Where are Europe's newest unicorns, what do they do and who backed them? Sifted analyses the herd

By Federico Scolari

Unicorns aren’t the rare beast they once were in European tech — despite the long odds that companies shooting for that milestone still face. 

Europe is now home to over 120 unicorns, according to Sifted’s definition, 70 of which graduated in 2021 alone more than triple the 18 new entries of 2020 and four times as many as all unicorns minted on the continent before 2014. That means Europe made more than five unicorns a month in 2021. And 2022 is already off to a quick start too — French HR tech PayFit announced a €245m Series E yesterday, reaching a €1.82bn valuation.

Combining Dealroom data with bespoke analysis from our unicorn rankings, we’ve picked out some encouraging trends in the ecosystem — and some troubling ones too.

A global achievement

On a global scale, Europe snatched second place for most new unicorns last year with a comfortable lead over China (20), but lagged far behind the US’s tally of 285. The rest of the world combined produced just over 100 unicorns. 

While there’s still a long path to the top, this year’s data has established that Europe is up there to play for the gold medal. 

Growing at lightspeed

Around 38% of new unicorns were launched in 2016 or later, and only 25% prior to 2011. The average timespan to the $1bn mark was eight years.

The fastest startups to achieve unicorn status were an unstoppable Berlin-based “quartet”: Razor, Gorillas, SellerX and Flink, founded in March, June, September and December 2020, respectively.

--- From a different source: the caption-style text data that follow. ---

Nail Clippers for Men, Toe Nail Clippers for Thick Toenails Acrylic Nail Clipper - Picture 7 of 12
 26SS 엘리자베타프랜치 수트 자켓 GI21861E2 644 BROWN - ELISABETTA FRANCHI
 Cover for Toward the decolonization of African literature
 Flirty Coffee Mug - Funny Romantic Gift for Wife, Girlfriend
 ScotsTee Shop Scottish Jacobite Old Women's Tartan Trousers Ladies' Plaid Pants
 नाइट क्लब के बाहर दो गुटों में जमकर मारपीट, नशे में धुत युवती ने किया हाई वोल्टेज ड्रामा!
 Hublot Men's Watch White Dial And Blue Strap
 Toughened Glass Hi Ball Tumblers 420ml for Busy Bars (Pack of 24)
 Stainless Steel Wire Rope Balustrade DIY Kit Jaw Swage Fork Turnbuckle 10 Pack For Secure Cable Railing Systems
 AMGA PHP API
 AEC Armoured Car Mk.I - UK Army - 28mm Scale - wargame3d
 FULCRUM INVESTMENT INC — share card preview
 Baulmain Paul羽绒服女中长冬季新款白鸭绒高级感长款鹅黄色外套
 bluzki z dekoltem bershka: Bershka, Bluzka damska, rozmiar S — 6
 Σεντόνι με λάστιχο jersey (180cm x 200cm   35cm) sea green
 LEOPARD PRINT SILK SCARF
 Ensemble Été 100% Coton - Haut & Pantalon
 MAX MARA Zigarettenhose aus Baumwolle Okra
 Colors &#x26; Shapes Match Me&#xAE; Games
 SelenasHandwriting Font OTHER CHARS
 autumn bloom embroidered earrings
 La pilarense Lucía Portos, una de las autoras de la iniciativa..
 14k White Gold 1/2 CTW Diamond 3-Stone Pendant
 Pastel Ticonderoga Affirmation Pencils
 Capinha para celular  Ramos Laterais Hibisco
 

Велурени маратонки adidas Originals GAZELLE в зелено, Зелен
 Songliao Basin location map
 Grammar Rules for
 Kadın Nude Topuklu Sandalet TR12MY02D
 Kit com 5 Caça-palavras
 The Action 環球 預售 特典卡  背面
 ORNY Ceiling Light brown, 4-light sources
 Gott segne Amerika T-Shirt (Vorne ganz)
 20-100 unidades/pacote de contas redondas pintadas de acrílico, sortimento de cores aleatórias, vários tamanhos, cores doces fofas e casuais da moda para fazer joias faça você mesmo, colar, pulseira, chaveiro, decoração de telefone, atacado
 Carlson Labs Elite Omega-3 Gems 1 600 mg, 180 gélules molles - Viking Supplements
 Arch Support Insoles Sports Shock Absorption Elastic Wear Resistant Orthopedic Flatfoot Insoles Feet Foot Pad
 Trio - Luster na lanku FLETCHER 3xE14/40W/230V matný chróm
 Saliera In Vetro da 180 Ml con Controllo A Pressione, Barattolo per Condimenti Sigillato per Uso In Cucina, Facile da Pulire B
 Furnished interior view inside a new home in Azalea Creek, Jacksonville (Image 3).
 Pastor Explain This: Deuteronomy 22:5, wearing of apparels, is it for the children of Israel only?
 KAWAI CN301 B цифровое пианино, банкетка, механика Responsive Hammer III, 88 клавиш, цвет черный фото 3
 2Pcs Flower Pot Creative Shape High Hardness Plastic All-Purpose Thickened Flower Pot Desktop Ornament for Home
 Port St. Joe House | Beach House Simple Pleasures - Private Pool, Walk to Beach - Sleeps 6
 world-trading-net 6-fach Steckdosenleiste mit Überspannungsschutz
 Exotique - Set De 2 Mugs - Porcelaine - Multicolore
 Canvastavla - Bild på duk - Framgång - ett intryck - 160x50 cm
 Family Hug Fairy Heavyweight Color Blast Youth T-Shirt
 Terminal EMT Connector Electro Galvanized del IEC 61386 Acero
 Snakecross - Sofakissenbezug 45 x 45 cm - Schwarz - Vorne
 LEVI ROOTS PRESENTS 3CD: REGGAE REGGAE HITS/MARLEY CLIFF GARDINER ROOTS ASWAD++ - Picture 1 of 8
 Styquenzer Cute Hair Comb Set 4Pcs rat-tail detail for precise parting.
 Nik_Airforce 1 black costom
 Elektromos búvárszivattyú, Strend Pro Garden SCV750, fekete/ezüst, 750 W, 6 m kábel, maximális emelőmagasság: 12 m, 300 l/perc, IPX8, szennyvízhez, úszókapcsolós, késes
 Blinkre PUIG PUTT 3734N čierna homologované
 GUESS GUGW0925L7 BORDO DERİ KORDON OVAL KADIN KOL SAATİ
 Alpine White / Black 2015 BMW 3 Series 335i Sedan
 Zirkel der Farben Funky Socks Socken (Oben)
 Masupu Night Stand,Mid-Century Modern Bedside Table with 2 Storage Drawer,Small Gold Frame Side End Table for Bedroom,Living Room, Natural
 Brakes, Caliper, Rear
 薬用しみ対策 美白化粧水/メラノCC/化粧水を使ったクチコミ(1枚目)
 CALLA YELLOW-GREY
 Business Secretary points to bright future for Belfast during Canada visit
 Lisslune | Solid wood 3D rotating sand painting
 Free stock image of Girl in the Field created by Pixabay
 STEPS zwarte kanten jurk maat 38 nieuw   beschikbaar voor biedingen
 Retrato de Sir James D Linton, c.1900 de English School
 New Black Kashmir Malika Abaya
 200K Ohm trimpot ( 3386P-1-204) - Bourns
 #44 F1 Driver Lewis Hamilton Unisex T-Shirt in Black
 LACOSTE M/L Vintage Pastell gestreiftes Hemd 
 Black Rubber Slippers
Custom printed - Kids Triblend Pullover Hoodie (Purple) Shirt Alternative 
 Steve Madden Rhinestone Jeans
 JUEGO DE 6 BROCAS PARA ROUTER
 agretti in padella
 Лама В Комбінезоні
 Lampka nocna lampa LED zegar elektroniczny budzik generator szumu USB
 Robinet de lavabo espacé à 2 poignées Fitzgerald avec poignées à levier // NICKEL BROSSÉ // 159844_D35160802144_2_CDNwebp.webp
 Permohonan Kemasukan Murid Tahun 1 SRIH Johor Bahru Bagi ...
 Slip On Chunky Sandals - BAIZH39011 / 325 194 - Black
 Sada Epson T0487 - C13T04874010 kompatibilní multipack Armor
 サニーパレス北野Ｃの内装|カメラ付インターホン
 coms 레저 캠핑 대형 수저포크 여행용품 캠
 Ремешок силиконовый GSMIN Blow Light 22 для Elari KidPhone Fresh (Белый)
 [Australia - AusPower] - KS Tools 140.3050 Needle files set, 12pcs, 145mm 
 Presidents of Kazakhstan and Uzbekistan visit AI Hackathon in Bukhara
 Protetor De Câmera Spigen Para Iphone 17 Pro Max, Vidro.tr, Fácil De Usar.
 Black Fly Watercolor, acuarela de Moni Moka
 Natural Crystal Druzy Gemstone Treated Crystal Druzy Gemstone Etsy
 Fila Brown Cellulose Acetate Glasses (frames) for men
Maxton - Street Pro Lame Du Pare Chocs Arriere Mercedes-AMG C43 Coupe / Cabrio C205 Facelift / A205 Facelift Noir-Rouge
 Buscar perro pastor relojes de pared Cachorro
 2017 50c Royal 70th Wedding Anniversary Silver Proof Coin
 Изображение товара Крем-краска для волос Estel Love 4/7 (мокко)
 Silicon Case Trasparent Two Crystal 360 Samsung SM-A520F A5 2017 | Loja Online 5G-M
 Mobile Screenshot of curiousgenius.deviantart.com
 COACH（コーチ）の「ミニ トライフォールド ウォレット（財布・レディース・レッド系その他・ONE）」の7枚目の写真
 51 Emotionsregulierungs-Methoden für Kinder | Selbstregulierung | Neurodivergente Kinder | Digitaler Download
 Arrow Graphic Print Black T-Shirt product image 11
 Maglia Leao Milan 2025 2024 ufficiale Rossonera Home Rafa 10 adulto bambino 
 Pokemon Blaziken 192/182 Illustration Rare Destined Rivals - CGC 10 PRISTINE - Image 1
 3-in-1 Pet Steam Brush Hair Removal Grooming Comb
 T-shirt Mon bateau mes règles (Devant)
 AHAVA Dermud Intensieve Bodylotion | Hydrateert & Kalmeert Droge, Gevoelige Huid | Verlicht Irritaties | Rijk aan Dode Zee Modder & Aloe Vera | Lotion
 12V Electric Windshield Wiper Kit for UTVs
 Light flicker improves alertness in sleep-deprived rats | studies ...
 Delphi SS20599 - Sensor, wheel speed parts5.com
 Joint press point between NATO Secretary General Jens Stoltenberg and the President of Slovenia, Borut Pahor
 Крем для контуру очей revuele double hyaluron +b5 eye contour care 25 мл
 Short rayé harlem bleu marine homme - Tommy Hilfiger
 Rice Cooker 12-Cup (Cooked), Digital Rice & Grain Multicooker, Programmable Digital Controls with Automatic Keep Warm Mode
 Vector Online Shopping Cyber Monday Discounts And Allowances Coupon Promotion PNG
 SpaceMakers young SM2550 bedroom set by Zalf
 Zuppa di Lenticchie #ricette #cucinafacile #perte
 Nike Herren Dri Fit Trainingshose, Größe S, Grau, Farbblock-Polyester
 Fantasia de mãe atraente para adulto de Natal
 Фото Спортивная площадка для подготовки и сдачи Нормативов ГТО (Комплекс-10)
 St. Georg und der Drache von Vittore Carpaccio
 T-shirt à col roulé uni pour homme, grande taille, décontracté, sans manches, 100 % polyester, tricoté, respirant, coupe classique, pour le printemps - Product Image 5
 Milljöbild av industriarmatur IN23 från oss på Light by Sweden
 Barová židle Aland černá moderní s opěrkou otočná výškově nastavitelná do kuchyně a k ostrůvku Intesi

Gorillas set the record for fastest unicorn in just over nine months, beating Hopin’s 17-month record easily. 

The slowest or rather most persistent was business platform Odoo, launched in 2005 and crowned in July this year.

Fintech retains the crown

The number of new unicorns minted in each sector reflected ecosystem-wide investment trends, with the exception of food and jobs recruitment. 

Fintech unicorns attracted roughly $16bn in funding in 2021, making the sector the undisputed champion with 32 newcomers, some of which are already household names, like Starling Bank and Qonto.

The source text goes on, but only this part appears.